=== TASK DIRECTIONS ===
Return the line containing "Balony pastel premium hel Komunia 32cm 5szt" and every line beneath it through the end of the entries below, unchanged. Pictures stay out.

(RECORDS TO USE Opens)

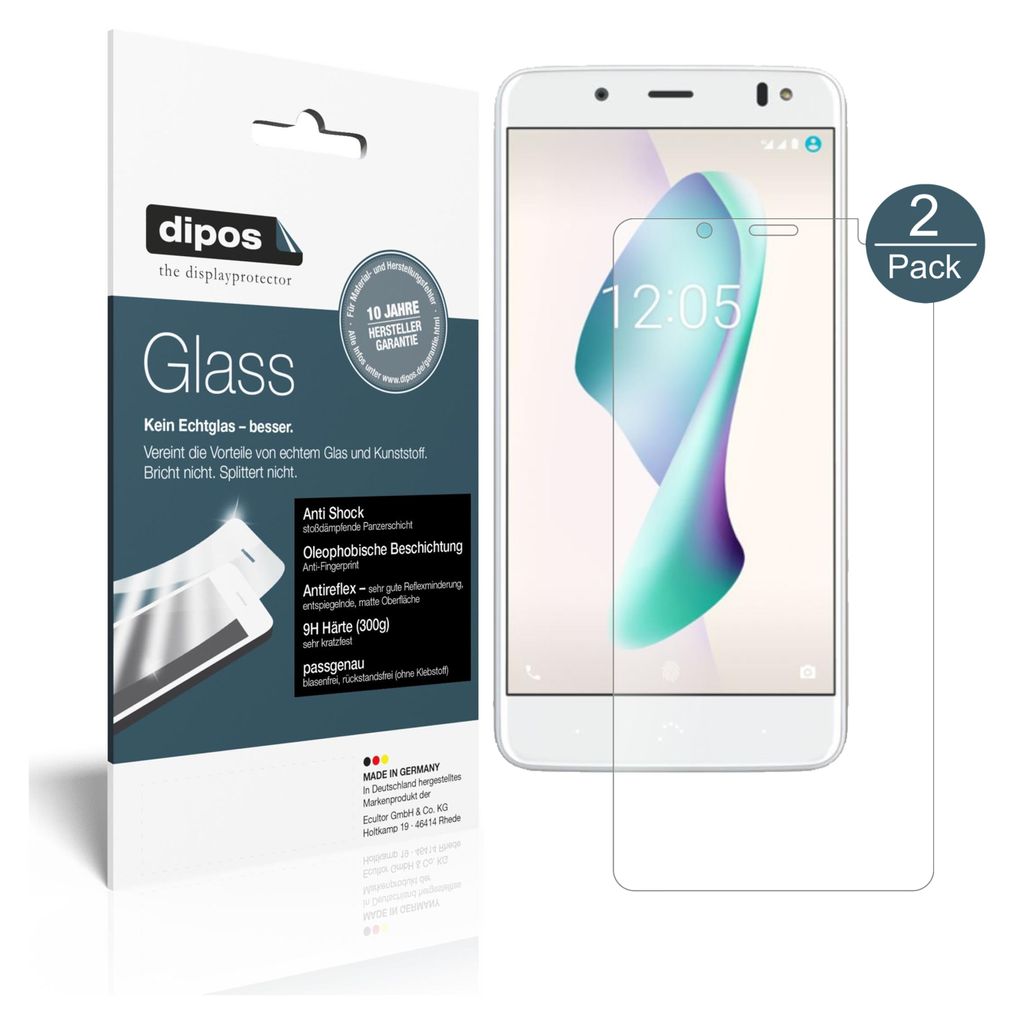 2x Schutzfolie für BQ Aquaris VS Plus matt - Anti-Shock 9H Folie dipos Glass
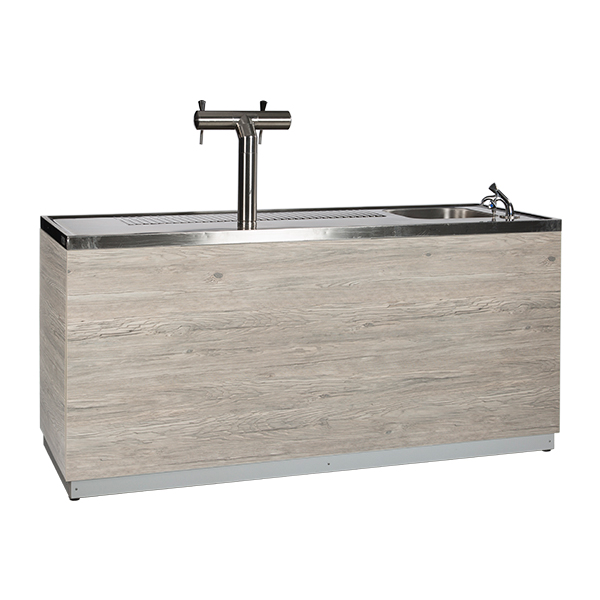Biertheke Aspen Altholz L200*T70*H95 cm mit CNS Deckblatt mieten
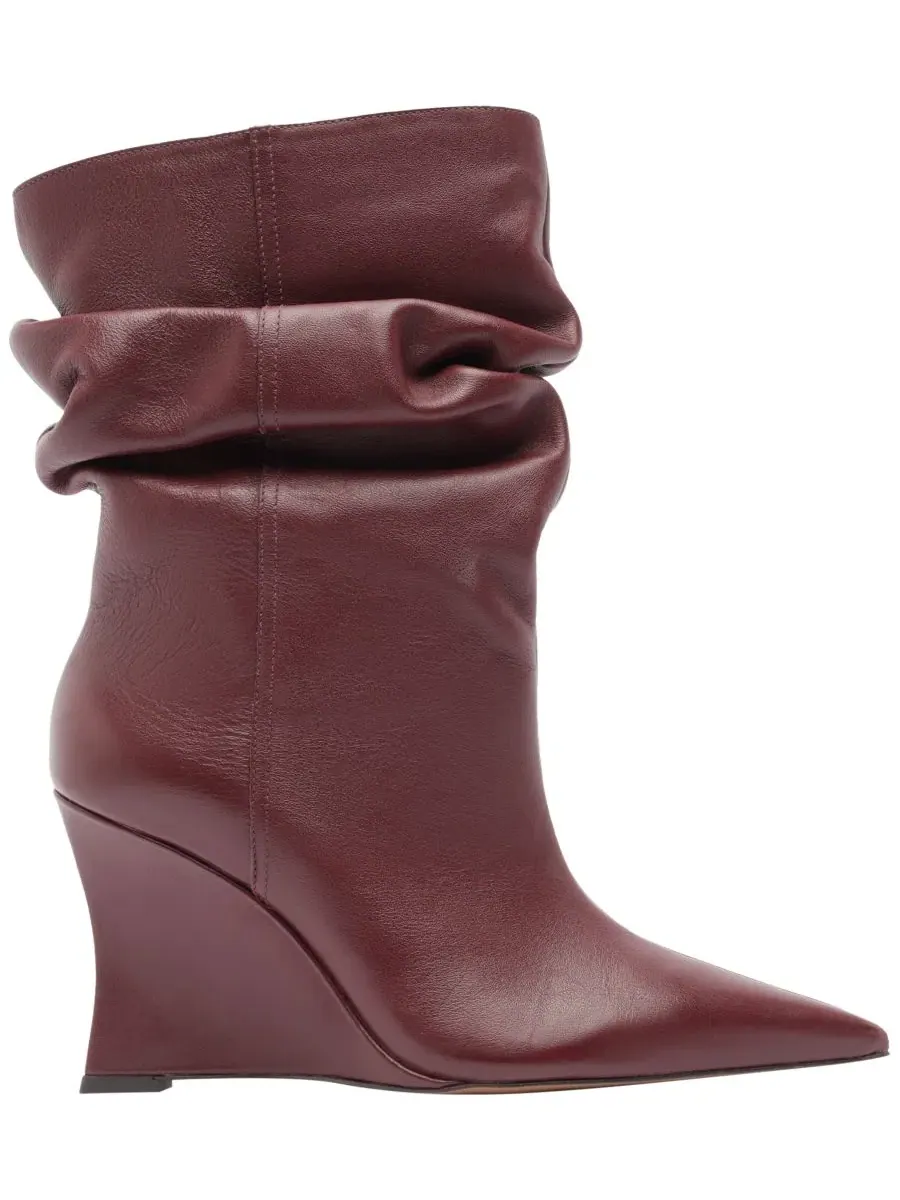 Ботинки-клин Cara Wedge Bootie с острым носком, натуральная кожа Arezzo — изображение 2 из 5, красный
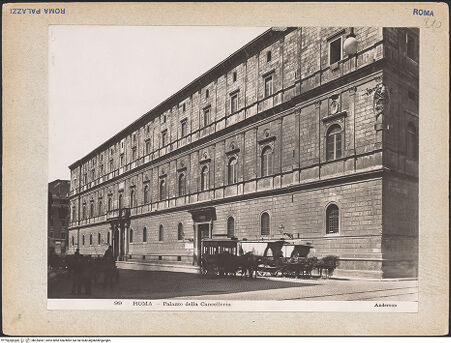 Vorderseite von Alinari [https://www.deutsche-digitale-bibliothek.de/content/lizenzen/rv-ez/] Palazzo della CancelleriaOstfassade - , bh035447_recto. Foto.
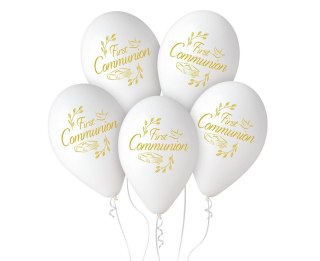 Balony pastel premium hel Komunia 32cm 5szt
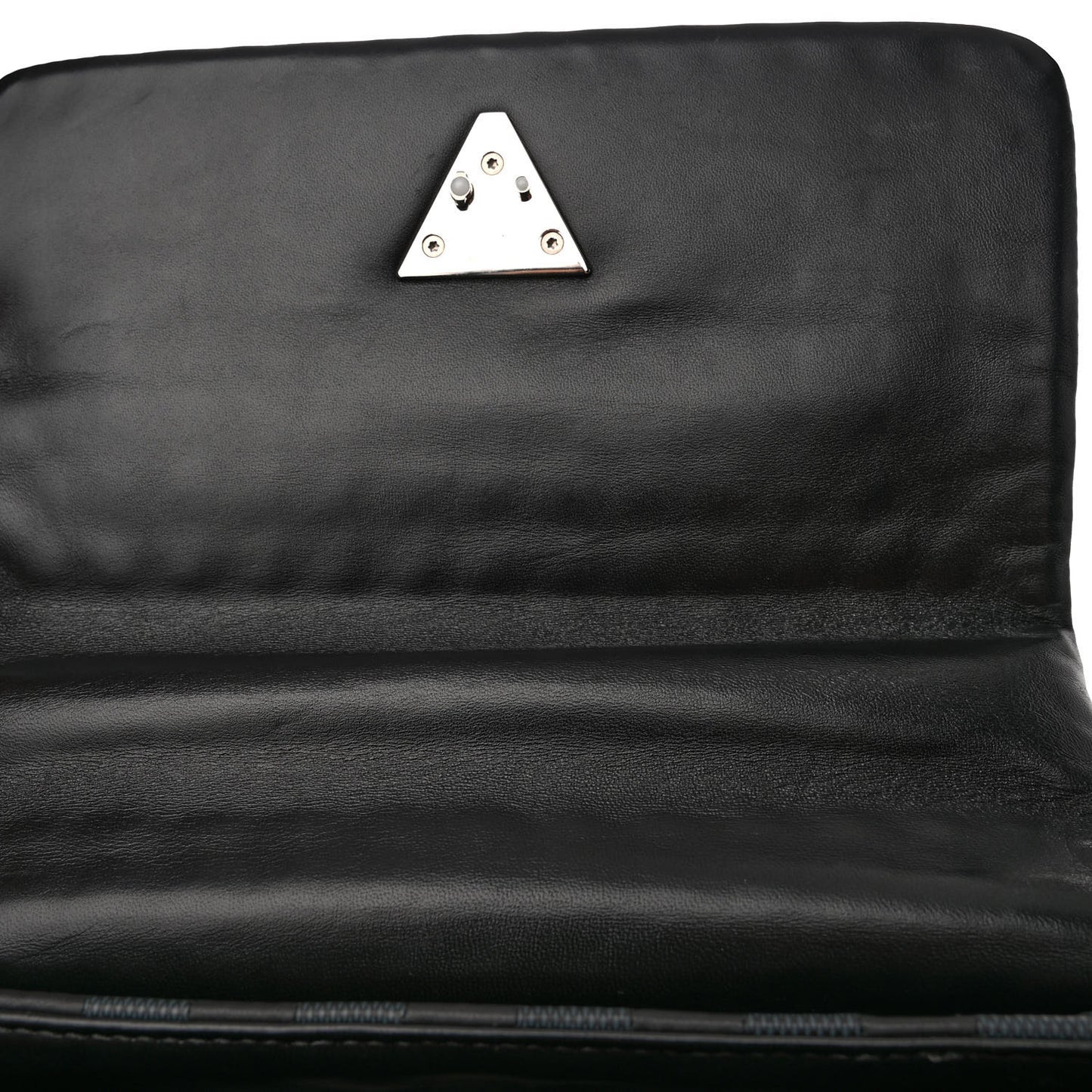 Calfskin Quilted Damier Twist MM Black Anthracite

(RECORDS TO USE Closes)

=== COMPLETED TASK ===
 Balony pastel premium hel Komunia 32cm 5szt
 Calfskin Quilted Damier Twist MM Black Anthracite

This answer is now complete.